텍스트 검색 일치 항목을 나타냅니다. search()와 search_page()가 반환합니다.

속성	타입	설명
`page`	`int`	0부터 시작하는 페이지 인덱스
`text`	`str`	일치한 텍스트
`x`	`float`	PDF 포인트 단위의 X 위치
`y`	`float`	PDF 포인트 단위의 Y 위치

FormField

폼 필드를 나타냅니다. PdfDocument.get_form_fields()가 반환합니다.

속성	타입	설명
`name`	`str`	정규화된 필드 이름
`field_type`	`str`	필드 타입: `"text"`, `"button"`, `"choice"`, `"signature"`, 또는 `"unknown"`
`value`	`str	bool
`tooltip`	`str	None`
`bounds`	`tuple[float, float, float, float]	None`
`flags`	`int	None`
`max_length`	`int	None`
`is_readonly`	`bool`	필드가 읽기 전용인지 여부
`is_required`	`bool`	필드가 필수인지 여부

TextWord

단어 단위로 그룹화된 텍스트입니다. PdfDocument.extract_words()와 PdfPageRegion.extract_words()가 반환합니다.

속성	타입	설명
`text`	`str`	단어 텍스트
`bbox`	`tuple[float, float, float, float]`	경계 상자 `(x0, y0, x1, y1)`
`font_name`	`str`	PostScript 폰트 이름
`font_size`	`float`	폰트 크기(포인트)
`is_bold`	`bool`	단어가 굵게 표시되는지 여부
`is_italic`	`bool`	단어가 기울임꼴인지 여부
`chars`	`list[TextChar]`	구성 문자

TextLine

행 단위로 그룹화된 텍스트입니다. PdfDocument.extract_text_lines()와 PdfPageRegion.extract_text_lines()가 반환합니다.

속성	타입	설명
`text`	`str`	행 텍스트
`bbox`	`tuple[float, float, float, float]`	경계 상자 `(x0, y0, x1, y1)`
`words`	`list[TextWord]`	행의 단어
`chars`	`list[TextChar]`	행의 문자

PdfPageRegion

페이지의 클리핑된 영역입니다. PdfDocument.within()과 PdfPage.region()이 반환합니다.

속성	타입	설명
`bbox`	`tuple[float, float, float, float]`	영역의 경계

메서드

region.extract_text() -> str
region.extract_words() -> list[TextWord]
region.extract_text_lines() -> list[TextLine]
region.extract_tables(table_settings: dict | None = None) -> list[dict]
region.extract_images() -> list
region.extract_paths() -> list

영역의 경계 상자로 범위가 지정된 추출 메서드입니다.

LayoutParams

페이지에 대해 계산된 적응형 레이아웃 매개변수입니다. PdfDocument.page_layout_params()가 반환합니다.

속성	타입	설명
`word_gap_threshold`	`float`	포인트 단위의 단어 간 간격 임계값
`line_gap_threshold`	`float`	포인트 단위의 행 간 간격 임계값
`median_char_width`	`float`	문자 너비 중앙값
`median_font_size`	`float`	폰트 크기 중앙값
`median_line_spacing`	`float`	행 간격 중앙값
`column_count`	`int`	감지된 텍스트 단 수

ExtractionProfile

extract_words() / extract_text_lines()에 전달되는 조정 가능한 텍스트 추출 프로파일입니다.

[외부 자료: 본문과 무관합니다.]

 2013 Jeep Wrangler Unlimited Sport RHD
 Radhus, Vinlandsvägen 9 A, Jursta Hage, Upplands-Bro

from pdf_oxide import ExtractionProfile

정적 생성자

ExtractionProfile.conservative()
ExtractionProfile.aggressive()
ExtractionProfile.balanced()
ExtractionProfile.academic()
ExtractionProfile.policy()
ExtractionProfile.form()
ExtractionProfile.government()
ExtractionProfile.scanned_ocr()
ExtractionProfile.adaptive()
ExtractionProfile.available() -> list[str]   # names of all built-in profiles

속성

속성	타입	설명
`name`	`str`	프로파일 이름
`tj_offset_threshold`	`float`	TJ 배열 오프셋 단어 분리 임계값
`word_margin_ratio`	`float`	단어 여백 비율
`space_threshold_em_ratio`	`float`	공백 너비 임계값(em 비율)
`space_char_multiplier`	`float`	공백 문자 배수
`use_adaptive_threshold`	`bool`	적응형 임계값 활성화 여부

OfficeConverter

Office 문서(DOCX, XLSX, PPTX)를 PDF로 변환합니다. Rust 빌드에 office 기능이 필요합니다.

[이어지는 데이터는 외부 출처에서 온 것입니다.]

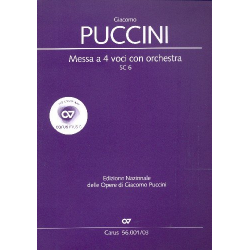 Messa di Gloria SC6 : - Giacomo Puccini
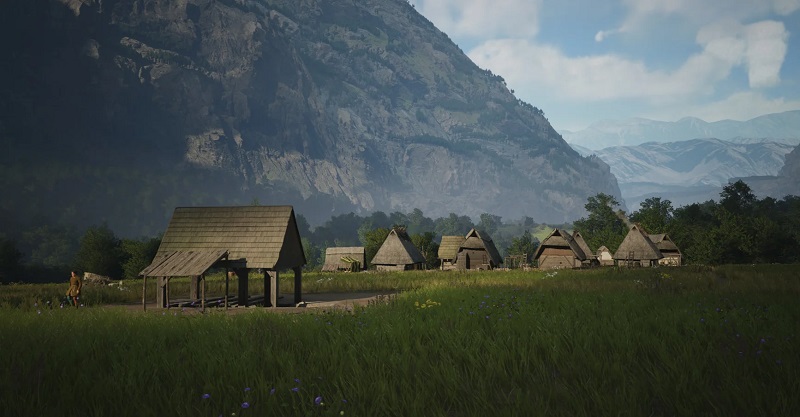 La prossima patch principale aggiungerà due nuove mappe a Manor Lords, la possibilità di migliorare gli edifici e una distribuzione aggiornata di birra e merci - sono stati pubblicati degli screenshot.-3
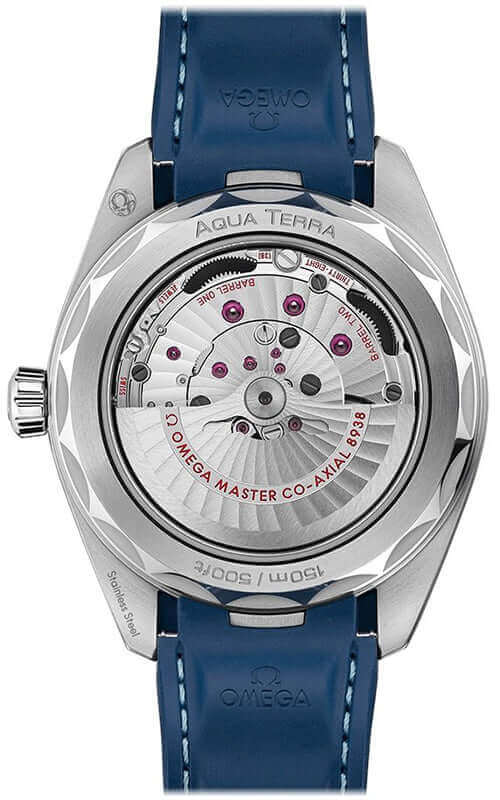 Omega Seamaster Aqua Terra 150M GMT Worldtimer 220.12.43.22.03.001 - Image 2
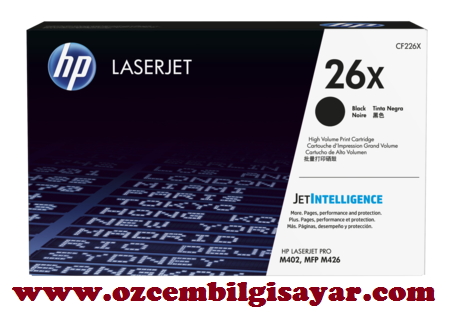 HP CF226XC (Pro M402-M426) Orjinal Siyah Toner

from pdf_oxide import OfficeConverter

OfficeConverter()   # instances are stateless; the conversion methods are also usable as static methods

메서드

OfficeConverter.from_docx(path: str) -> Pdf

Word 문서를 Pdf 객체로 변환합니다.

OfficeConverter.from_docx_bytes(data: bytes) -> Pdf

Word 문서 바이트를 Pdf 객체로 변환합니다.

OfficeConverter.from_xlsx(path: str) -> Pdf

Excel 스프레드시트를 Pdf 객체로 변환합니다.

OfficeConverter.from_xlsx_bytes(data: bytes) -> Pdf

Excel 스프레드시트 바이트를 Pdf 객체로 변환합니다.

OfficeConverter.from_pptx(path: str) -> Pdf

PowerPoint 프레젠테이션을 Pdf 객체로 변환합니다.

OfficeConverter.from_pptx_bytes(data: bytes) -> Pdf

PowerPoint 프레젠테이션 바이트를 Pdf 객체로 변환합니다.

OfficeConverter.convert(path: str) -> Pdf

형식을 자동으로 감지하여 지원되는 모든 Office 문서를 Pdf 객체로 변환합니다.

예제

from pdf_oxide import OfficeConverter

pdf = OfficeConverter.from_docx("report.docx")
pdf.save("report.pdf")

# Or use convert() for auto-detection
pdf = OfficeConverter.convert("spreadsheet.xlsx")
pdf.save("spreadsheet.pdf")

그래픽 클래스

다음 클래스들은 그래픽이 포함된 고급 PDF 생성에 사용할 수 있습니다.

Color

from pdf_oxide import Color

Color(r: float, g: float, b: float)  # RGB, values 0.0-1.0
Color.from_hex("#ff0000")
Color.black()
Color.white()
Color.red()
Color.green()
Color.blue()

BlendMode

from pdf_oxide import BlendMode

BlendMode.NORMAL()
BlendMode.MULTIPLY()
BlendMode.SCREEN()
BlendMode.OVERLAY()
BlendMode.DARKEN()
BlendMode.LIGHTEN()
BlendMode.COLOR_DODGE()
BlendMode.COLOR_BURN()
BlendMode.HARD_LIGHT()
BlendMode.SOFT_LIGHT()
BlendMode.DIFFERENCE()
BlendMode.EXCLUSION()

ExtGState

from pdf_oxide import ExtGState

gs = ExtGState()
gs = gs.fill_alpha(0.5)
gs = gs.stroke_alpha(0.8)
gs = gs.alpha(0.5)  # Set both fill and stroke
gs = gs.blend_mode(BlendMode.MULTIPLY())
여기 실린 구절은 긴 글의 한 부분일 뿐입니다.